The factor mean levels appear to differ. The variability looks roughly the same between each group.
mean.1 = mean(df$Days[df$Dist == 1 ])
mean.2 = mean(df$Days[df$Dist == 2 ])
mean.3 = mean(df$Days[df$Dist == 3 ])
mean.4 = mean(df$Days[df$Dist == 4 ])
mean.5 = mean(df$Days[df$Dist == 5 ])
mean.1
## [1] 24.55
mean.2
## [1] 22.55
mean.3
## [1] 11.75
mean.4
## [1] 14.8
mean.5
## [1] 30.1
av = aov(Days~Dist,data=df)
sum.resid = sum(av$residuals)
sum.resid/.Machine$double.eps
## [1] 17.125
round(sum.resid,10)
## [1] 0
The sum of residuals adds up to zero, other than numerical error.
anova(av)
## Analysis of Variance Table
##
## Response: Days
## Df Sum Sq Mean Sq F value Pr(>F)
## Dist 4 4430.1 1107.53 147.23 < 2.2e-16 ***
## Residuals 95 714.6 7.52
## ---
## Signif. codes: 0 '***' 0.001 '**' 0.01 '*' 0.05 '.' 0.1 ' ' 1
Set \(\alpha = 0.1\) We have these hypothesis \[H_0: \mu_1 = \mu_2 = \mu_3 = \mu_4 = \mu_5\] \[H_a: \neg H_0\]
qf(.9,4,95)
## [1] 2.004992
\(F^* = 147.23 > F(.9,4,95) = 2.004992\)
We thus reject the null hypothesis and conclude that at \(\mu_i \neq \mu_j\) for some \(i \neq j, i,j \in \{1,2,3,4,5\}\)

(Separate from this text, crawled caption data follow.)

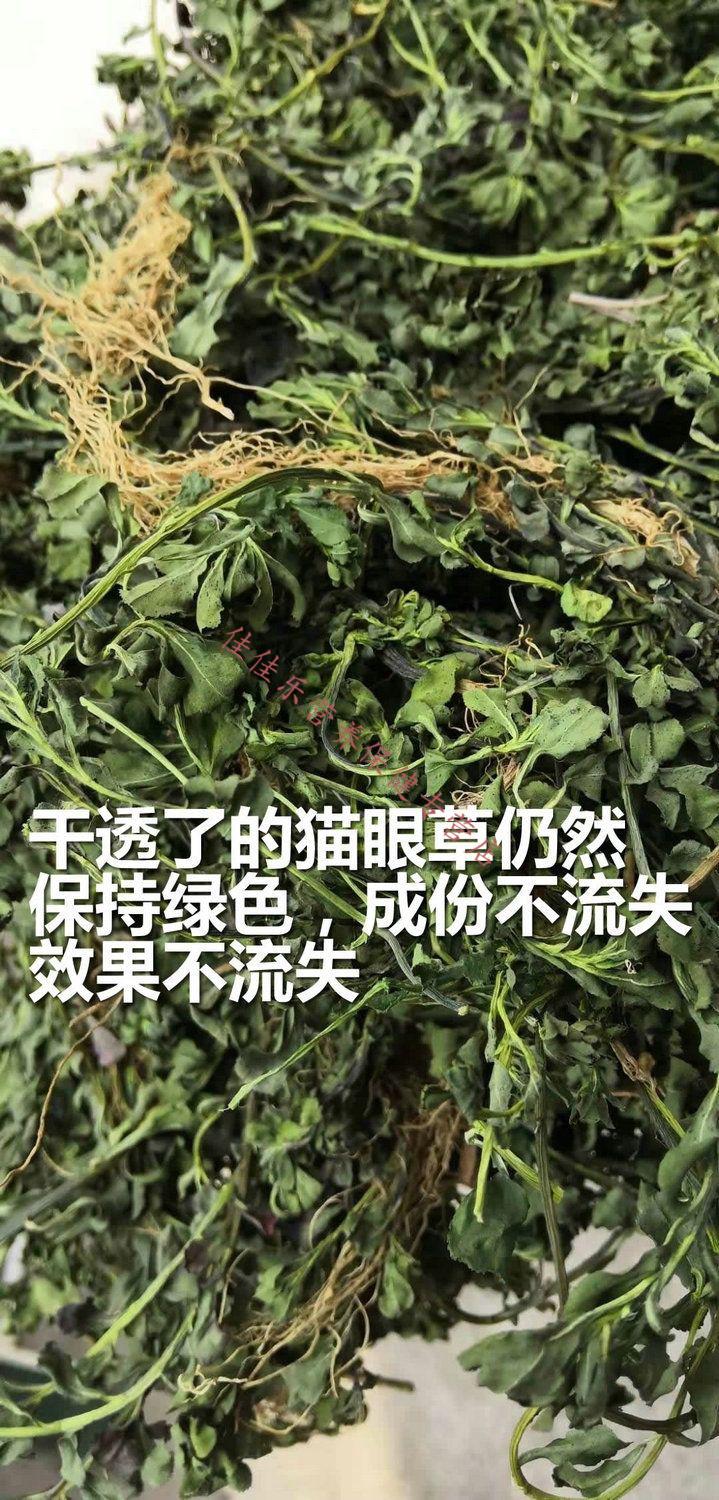 今年新货整株全草干鲜品猫眼草泽漆五朵云翠绿马虎眼暴晒一斤现晒干品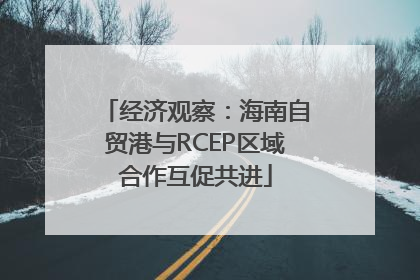 经济观察：海南自贸港与RCEP区域合作互促共进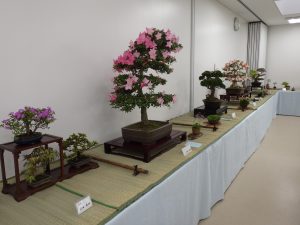 バラエティ盆栽展会場の様子。大小さまざまな盆栽が席飾りで展示されている。大きなサツキ盆栽も出品。　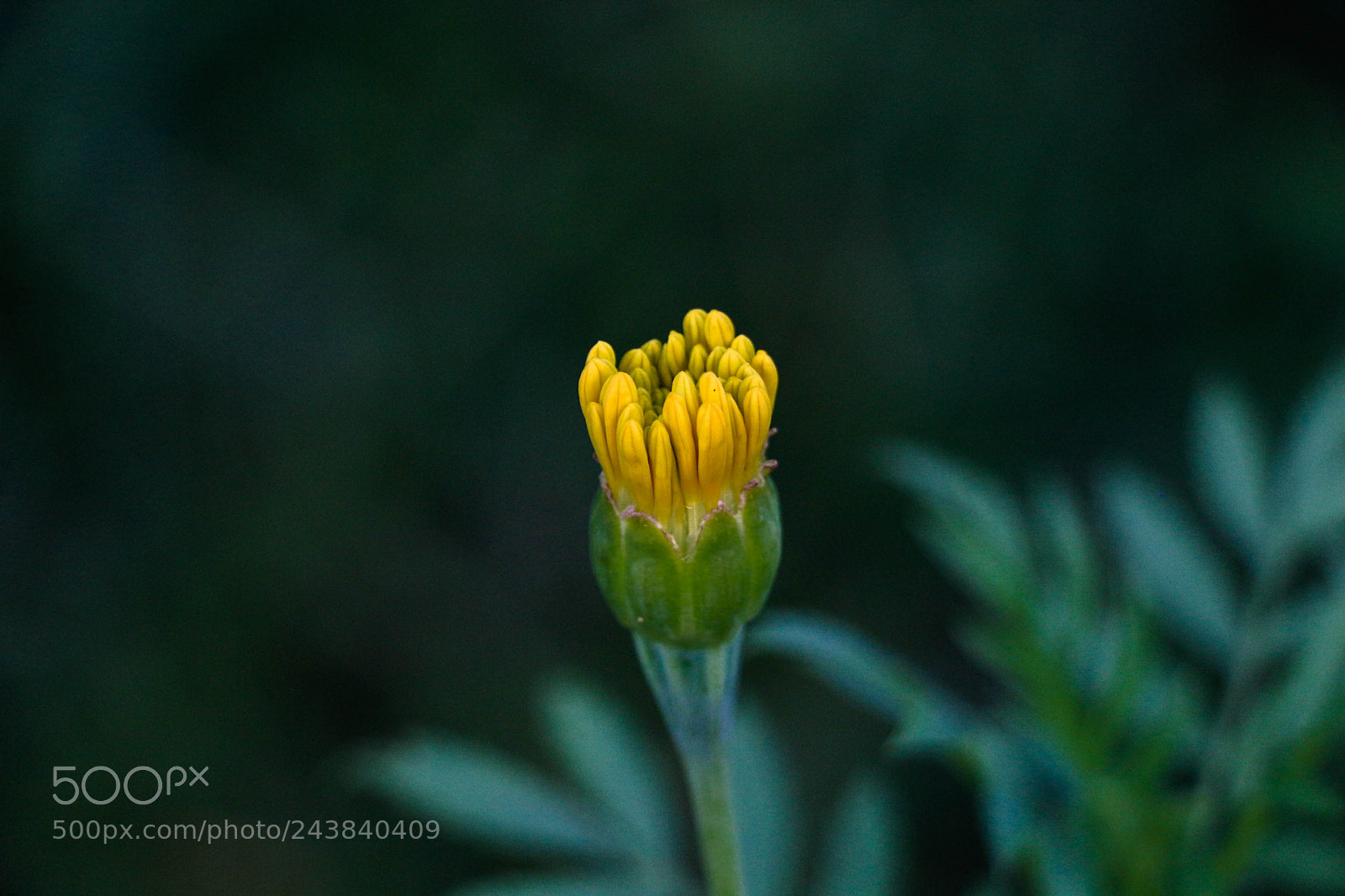 Canon EOS 100D (EOS Rebel SL1 / EOS Kiss X7) sample photo. Bloom! photography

Since P value is \(p_{value} = 2.2e-16 < .1\) we can reject the null hypothesis.
The \(p_{value}\) represents the probability given the null, what is the probability of having a more extreme value than the one observed. We are okay with make a type I error with probability 0.1, here we are seeing a probability of 2.2e-16 of being wrong, an even lower probability. Thus we can reject the null.
There appears to be some variation in the time lapse for the five agents. There is not enough evidence to conclude that this change is due to efficiency of operations. It could be due to different distances traveled by each distributer or some other factor not accounted for.